Input records =
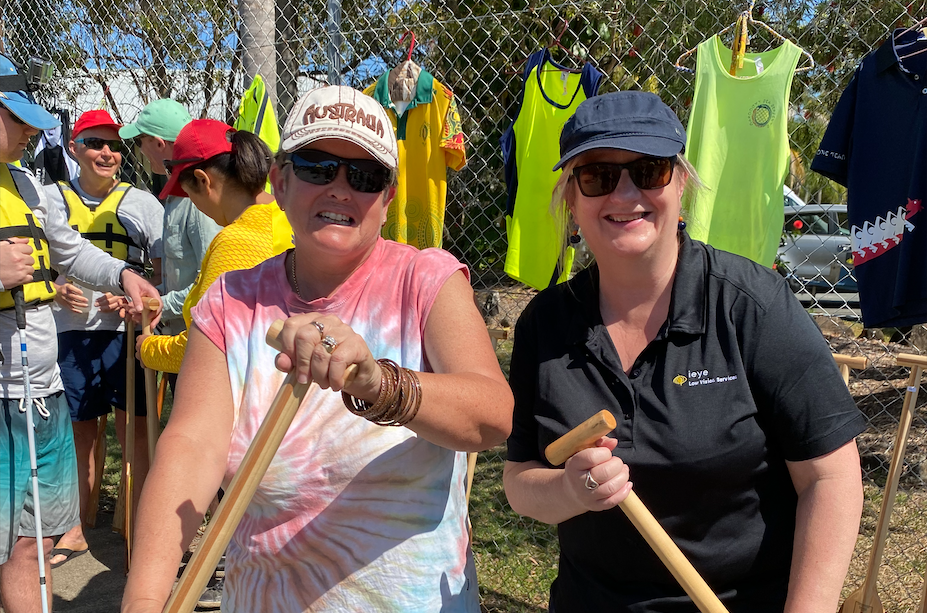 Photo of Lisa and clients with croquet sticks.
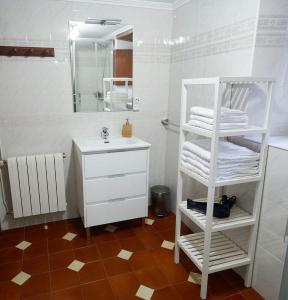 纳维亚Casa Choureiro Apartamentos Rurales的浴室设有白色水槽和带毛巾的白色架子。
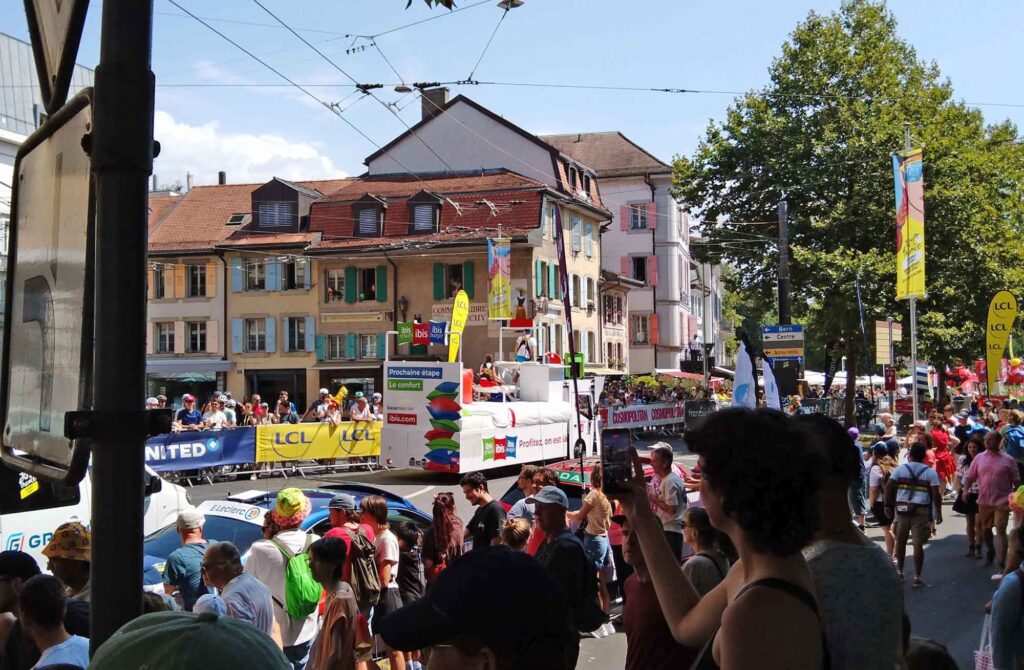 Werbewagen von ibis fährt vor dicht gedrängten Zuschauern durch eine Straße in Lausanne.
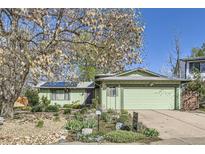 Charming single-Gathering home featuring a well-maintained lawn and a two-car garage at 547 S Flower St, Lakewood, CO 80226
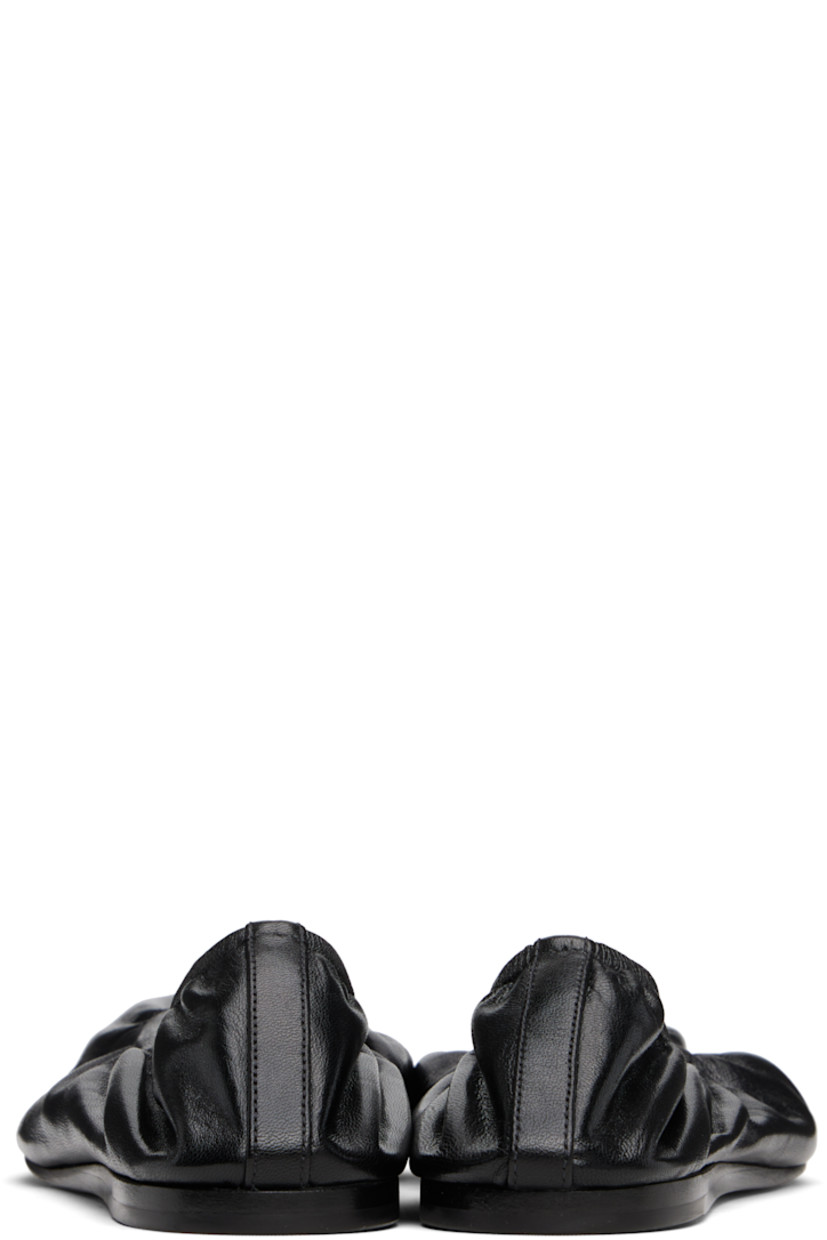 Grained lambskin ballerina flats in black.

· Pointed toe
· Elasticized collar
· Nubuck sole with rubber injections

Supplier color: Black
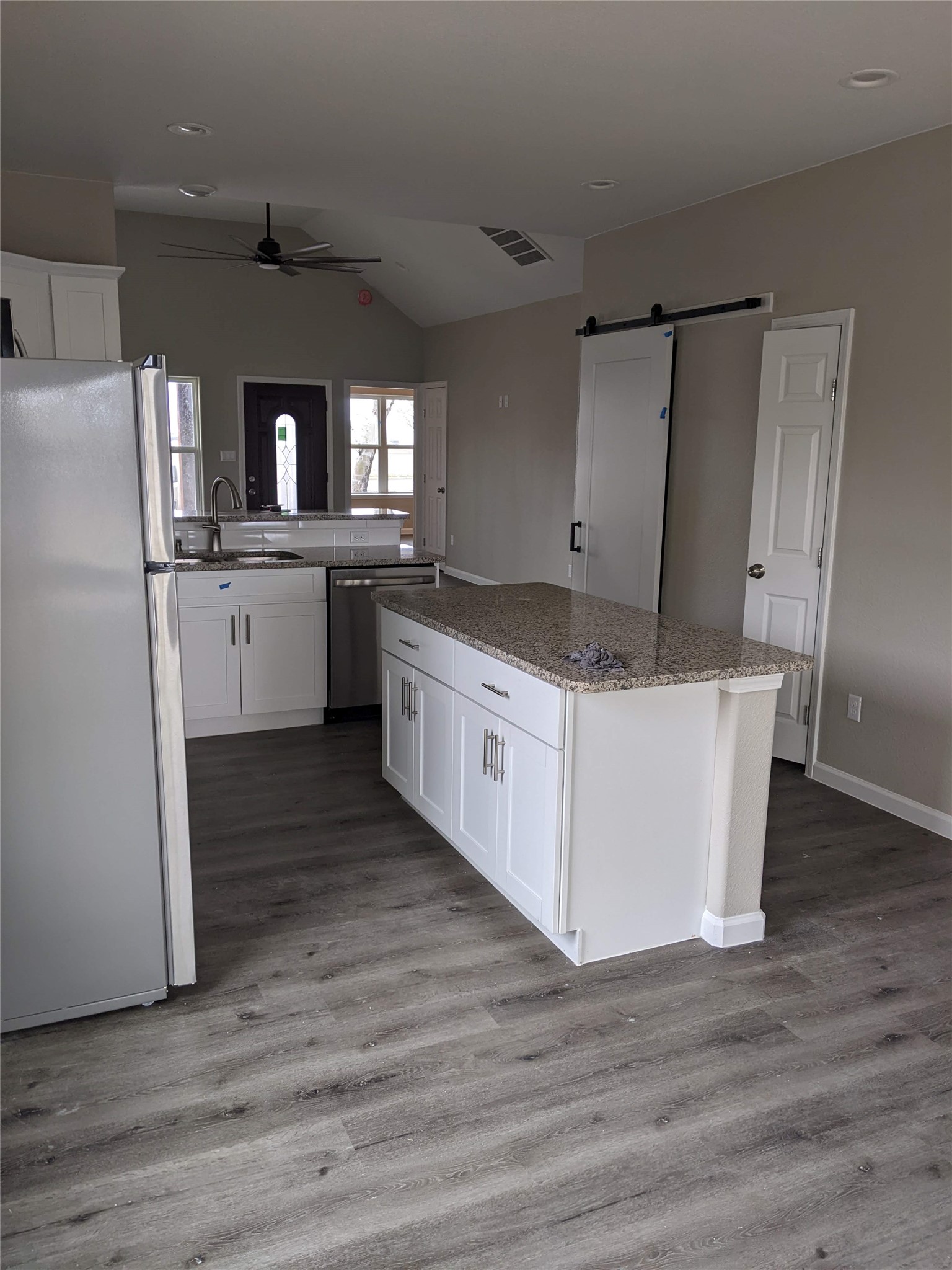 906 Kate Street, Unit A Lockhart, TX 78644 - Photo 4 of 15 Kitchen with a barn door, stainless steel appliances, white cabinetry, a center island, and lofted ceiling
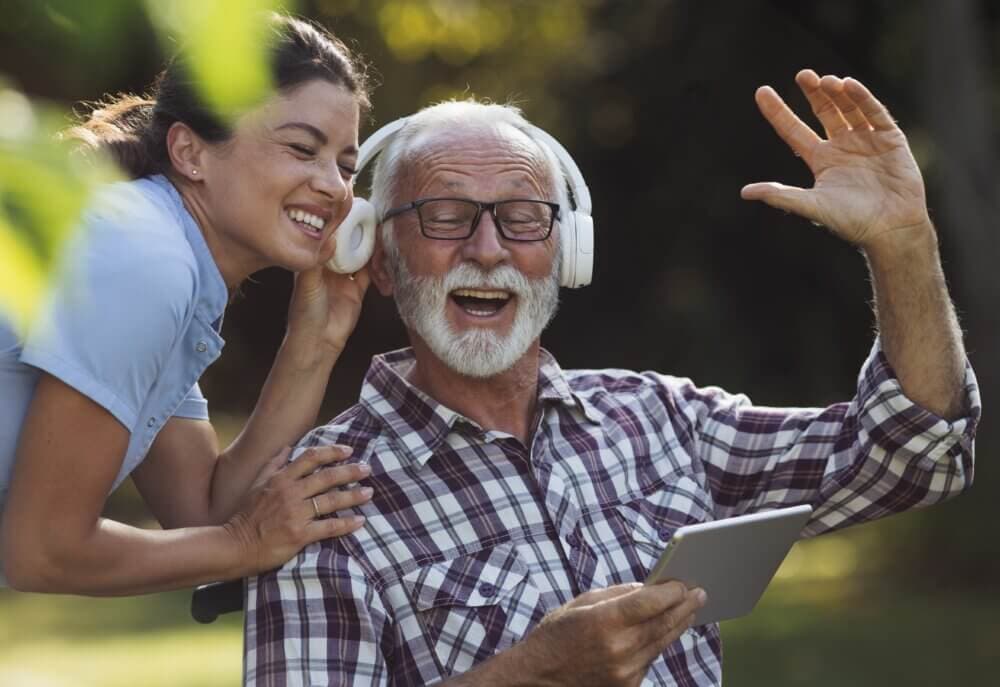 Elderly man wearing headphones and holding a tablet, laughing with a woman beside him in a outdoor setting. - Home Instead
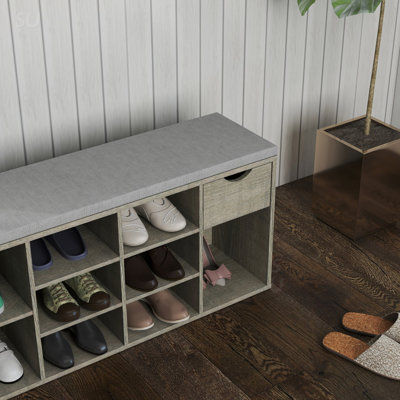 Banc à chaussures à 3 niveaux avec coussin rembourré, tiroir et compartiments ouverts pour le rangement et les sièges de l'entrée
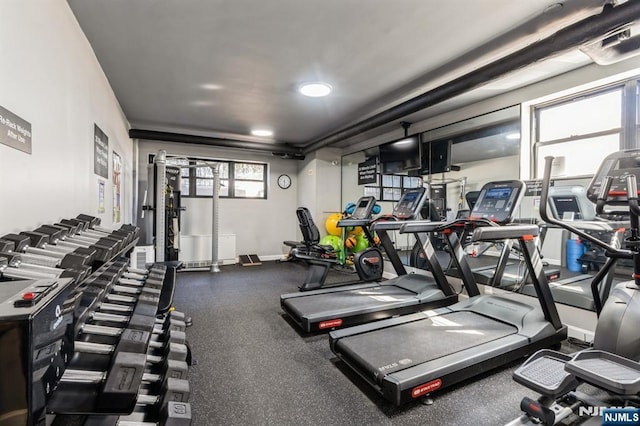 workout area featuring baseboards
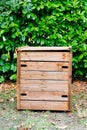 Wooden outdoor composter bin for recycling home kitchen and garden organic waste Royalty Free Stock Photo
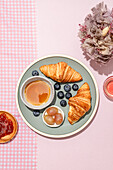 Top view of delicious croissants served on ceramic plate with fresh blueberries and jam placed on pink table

Problem description =
Although the records contain pictures, transcribe only their text, exactly as written.

Response box =
 Photo of Lisa and clients with croquet sticks.
 纳维亚Casa Choureiro Apartamentos Rurales的浴室设有白色水槽和带毛巾的白色架子。
 Werbewagen von ibis fährt vor dicht gedrängten Zuschauern durch eine Straße in Lausanne.
 Charming single-Gathering home featuring a well-maintained lawn and a two-car garage at 547 S Flower St, Lakewood, CO 80226
 Grained lambskin ballerina flats in black.

· Pointed toe
· Elasticized collar
· Nubuck sole with rubber injections

Supplier color: Black
 906 Kate Street, Unit A Lockhart, TX 78644 - Photo 4 of 15 Kitchen with a barn door, stainless steel appliances, white cabinetry, a center island, and lofted ceiling
 Elderly man wearing headphones and holding a tablet, laughing with a woman beside him in a outdoor setting. - Home Instead
 Banc à chaussures à 3 niveaux avec coussin rembourré, tiroir et compartiments ouverts pour le rangement et les sièges de l'entrée
 workout area featuring baseboards
 Wooden outdoor composter bin for recycling home kitchen and garden organic waste Royalty Free Stock Photo
 Top view of delicious croissants served on ceramic plate with fresh blueberries and jam placed on pink table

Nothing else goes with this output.